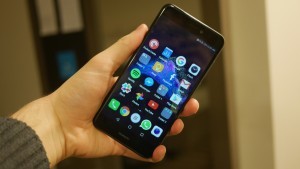 Huawei P8 Lite test par Trusted Reviews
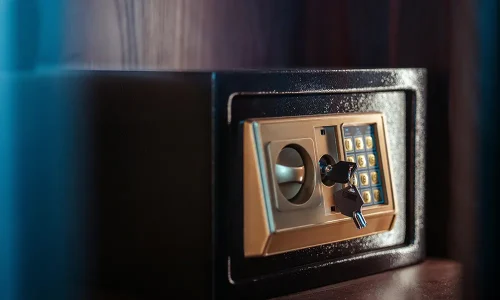 secure-electronic-safe-with-key-and-keypad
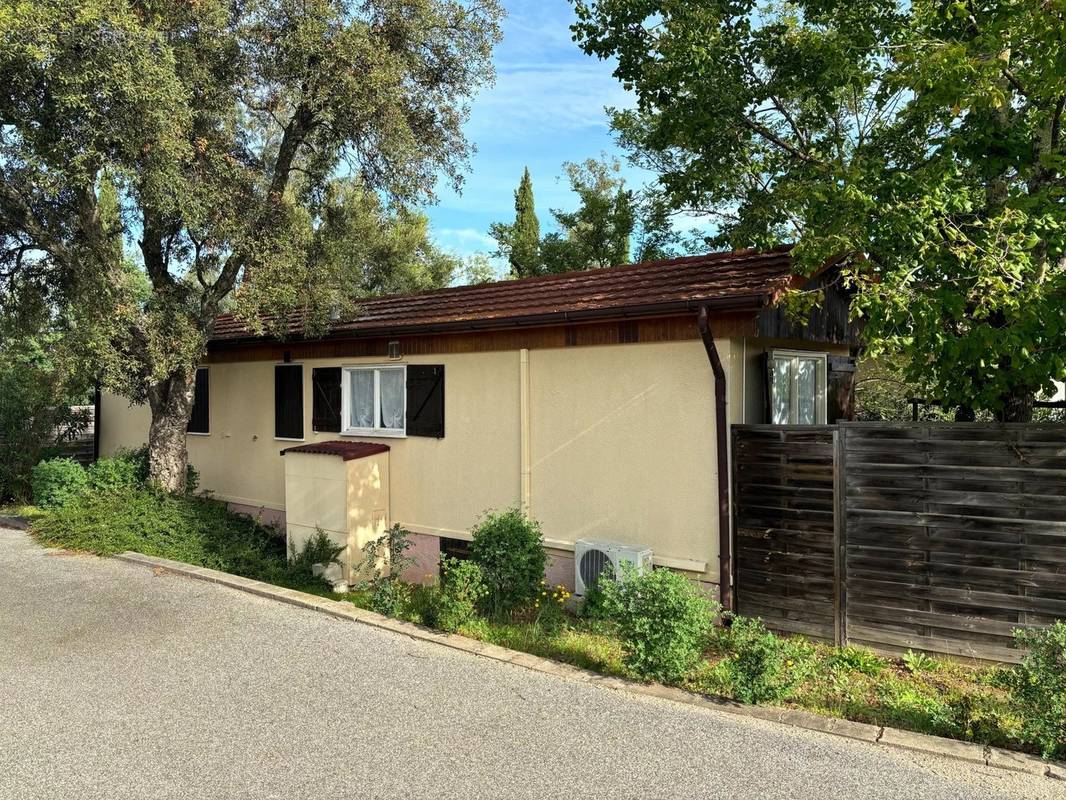 Maison à ROQUEBRUNE-SUR-ARGENS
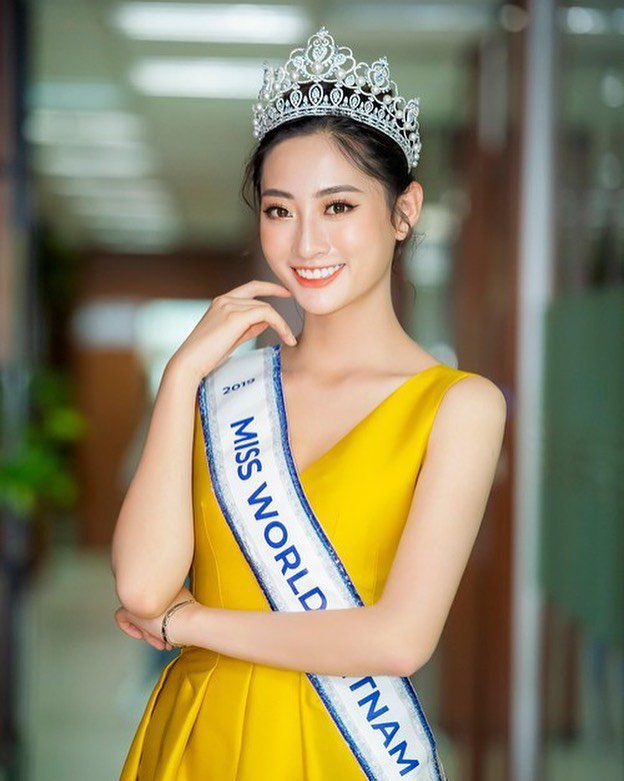 Trang điểm phủ sương sành điệu, ai ngờ Thùy Linh lại bị đèn flash hại đến bóng nhẫy gương mặt - 2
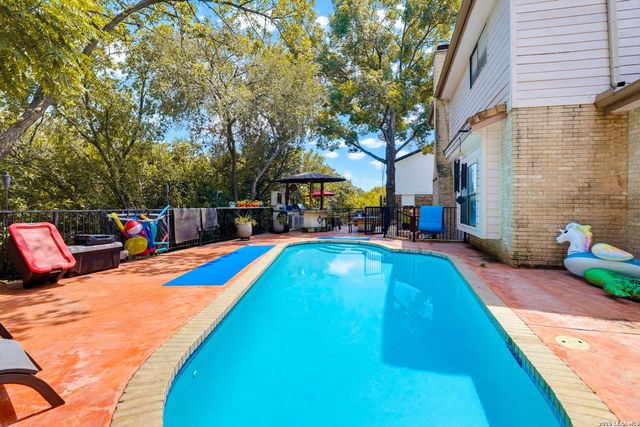 15906 MISSION RDG, San Antonio, TX 78232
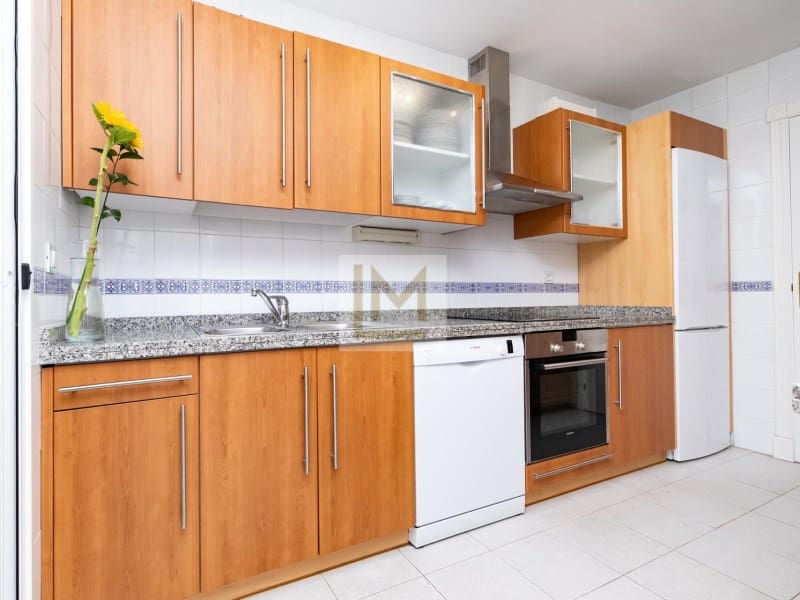 2 sovrum Strandlägenhet att hyra i San Pedro de Alcantara med pool garage - 2 250 € (Ref: 9659216)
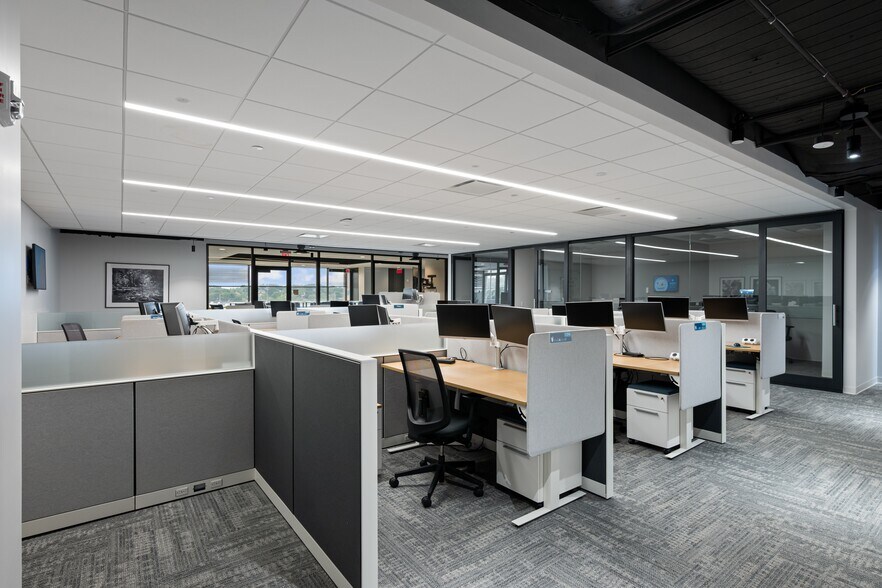 More Photos Of 3340 Perimeter Hill Dr, Nashville Office For Sale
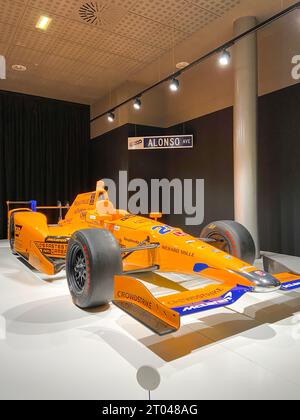 Llanera , Espagne - 10 02 2023 : McLaren Honda Andretti au musée avec qui Fernando Alonso a concouru dans Indy car en 2017 Banque D'Images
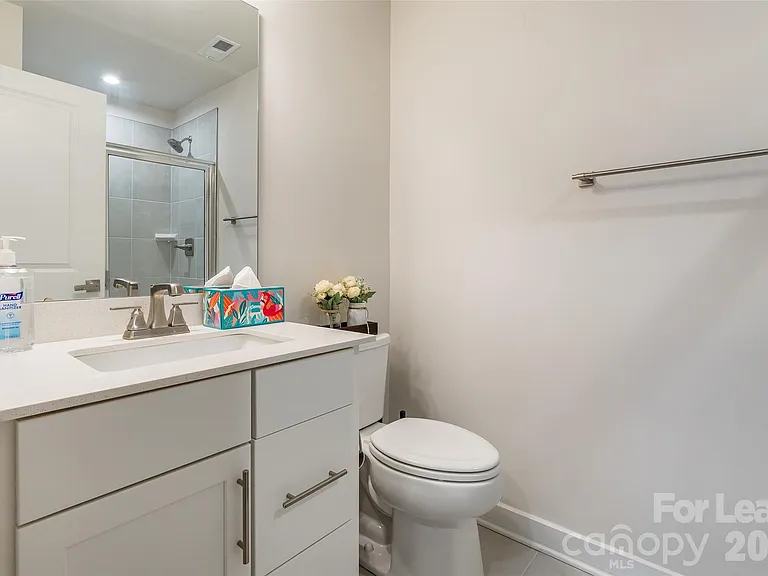 924 Broad River Ln — Photo 21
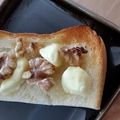 よっちゃん★☆★'s cooksnap of when they made はちみつ胡桃♡カマンベールトースト.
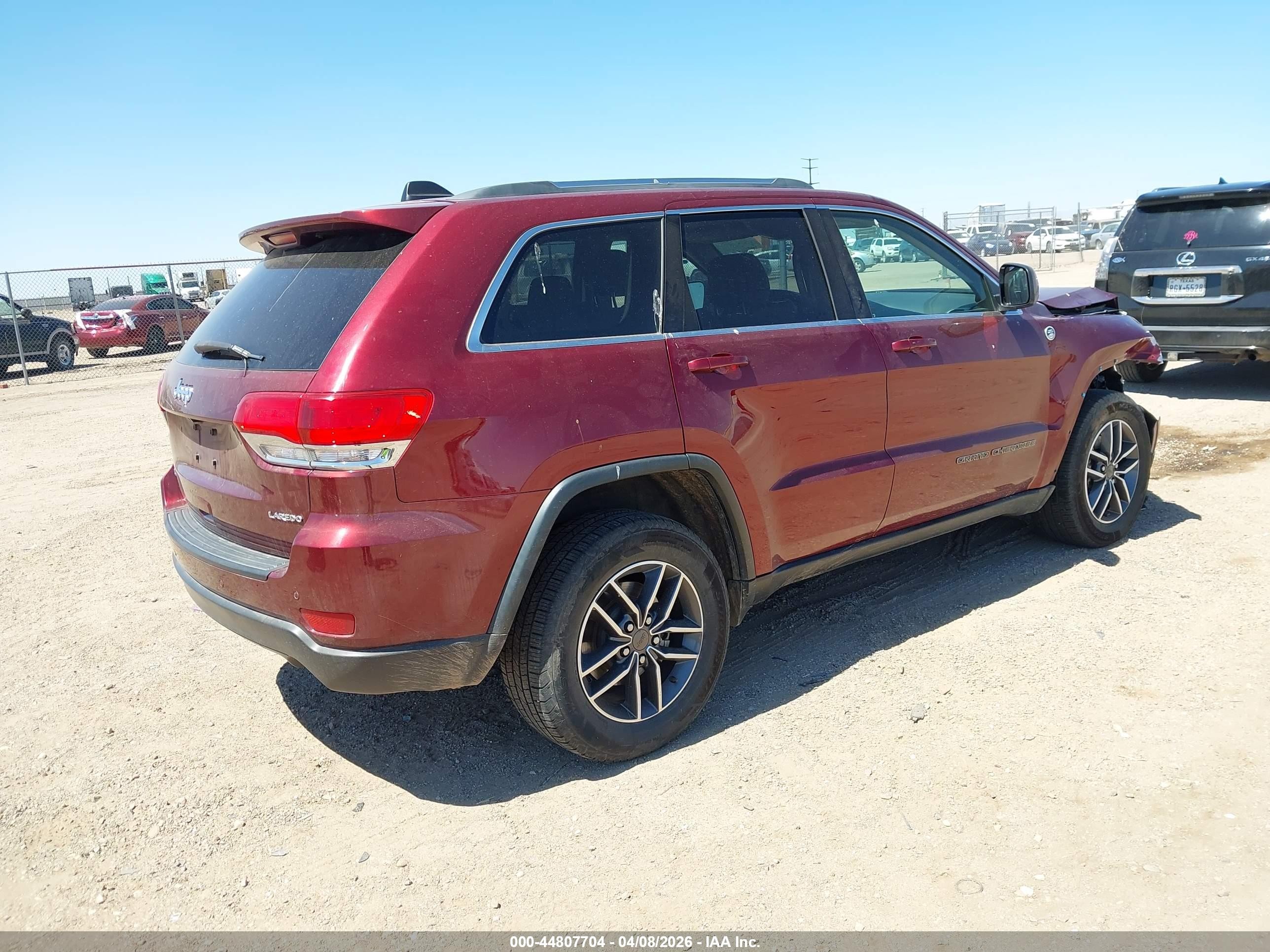 2019 Jeep Grand Cherokee Laredo E 4x4 Red vin: 1C4RJFAGXKC838072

**********

What you have to do >>
Every line between the one containing "924 Broad River Ln — Photo 21" and the last line of the data above, both included, should be copied exactly, but not the pictures.

Problem solution >>
 924 Broad River Ln — Photo 21
 よっちゃん★☆★'s cooksnap of when they made はちみつ胡桃♡カマンベールトースト.
 2019 Jeep Grand Cherokee Laredo E 4x4 Red vin: 1C4RJFAGXKC838072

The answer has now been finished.